• TRY IT: For the entries below, the expected answer is the line with "this 600×591 image.", the line with "this 500×334 image.", and every line between them, exactly as written, and nothing more.

EXERCISE MATERIAL START

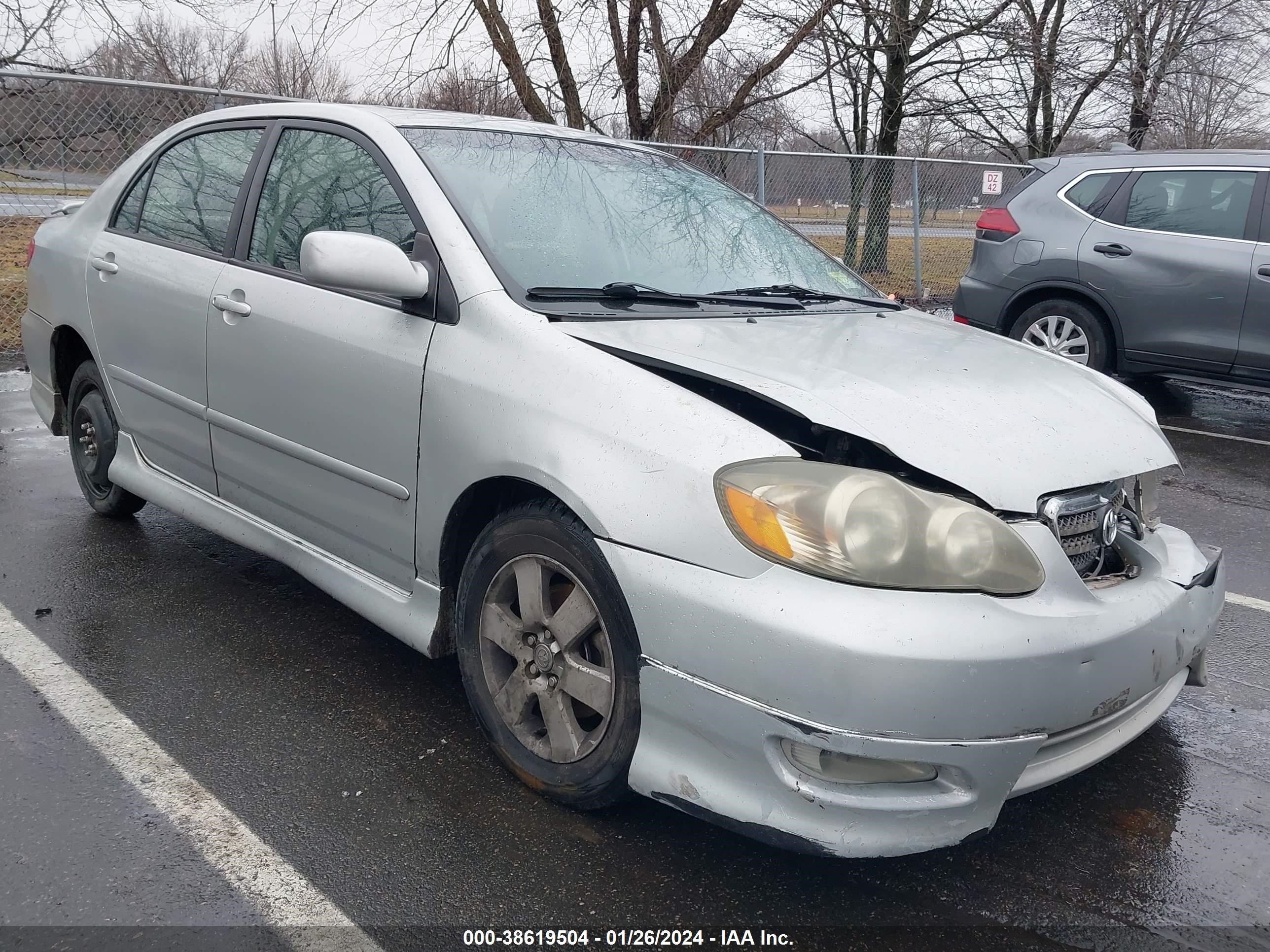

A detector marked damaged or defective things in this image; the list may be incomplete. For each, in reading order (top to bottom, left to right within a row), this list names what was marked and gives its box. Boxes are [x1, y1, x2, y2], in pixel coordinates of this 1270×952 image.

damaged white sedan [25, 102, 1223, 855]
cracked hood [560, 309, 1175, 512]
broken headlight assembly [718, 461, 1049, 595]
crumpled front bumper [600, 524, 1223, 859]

EXERCISE MATERIAL END
EXERCISE MATERIAL START

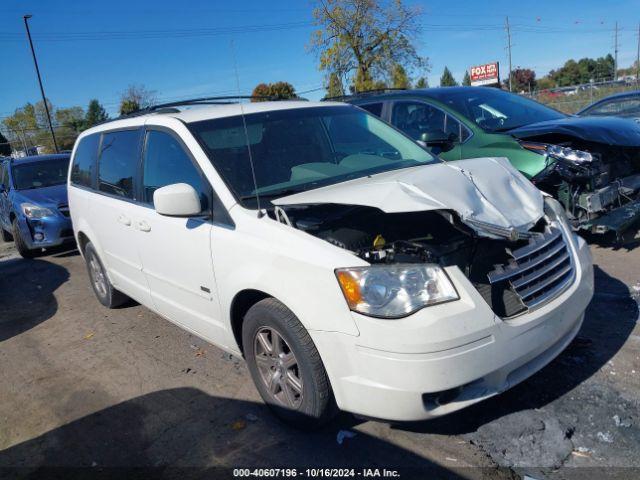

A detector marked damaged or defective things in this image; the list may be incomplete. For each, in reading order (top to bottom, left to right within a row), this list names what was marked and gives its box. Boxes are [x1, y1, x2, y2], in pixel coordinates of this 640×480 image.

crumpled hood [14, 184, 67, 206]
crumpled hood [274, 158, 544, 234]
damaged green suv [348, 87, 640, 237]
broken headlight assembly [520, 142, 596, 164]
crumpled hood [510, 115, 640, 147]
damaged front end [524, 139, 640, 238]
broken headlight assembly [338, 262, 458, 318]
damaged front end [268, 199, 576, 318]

EXERCISE MATERIAL END
EXERCISE MATERIAL START

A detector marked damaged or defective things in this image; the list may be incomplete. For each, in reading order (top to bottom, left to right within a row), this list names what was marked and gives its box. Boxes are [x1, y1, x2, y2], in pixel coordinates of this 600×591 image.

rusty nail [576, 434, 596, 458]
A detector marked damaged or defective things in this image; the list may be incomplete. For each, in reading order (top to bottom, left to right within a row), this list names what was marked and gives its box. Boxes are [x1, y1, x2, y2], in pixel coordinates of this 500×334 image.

EXERCISE MATERIAL END

• EXERCISE RESULT:
A detector marked damaged or defective things in this image; the list may be incomplete. For each, in reading order (top to bottom, left to right within a row), this list names what was marked and gives its box. Boxes are [x1, y1, x2, y2], in pixel coordinates of this 600×591 image.

rusty nail [576, 434, 596, 458]
A detector marked damaged or defective things in this image; the list may be incomplete. For each, in reading order (top to bottom, left to right within a row), this list names what was marked and gives its box. Boxes are [x1, y1, x2, y2], in pixel coordinates of this 500×334 image.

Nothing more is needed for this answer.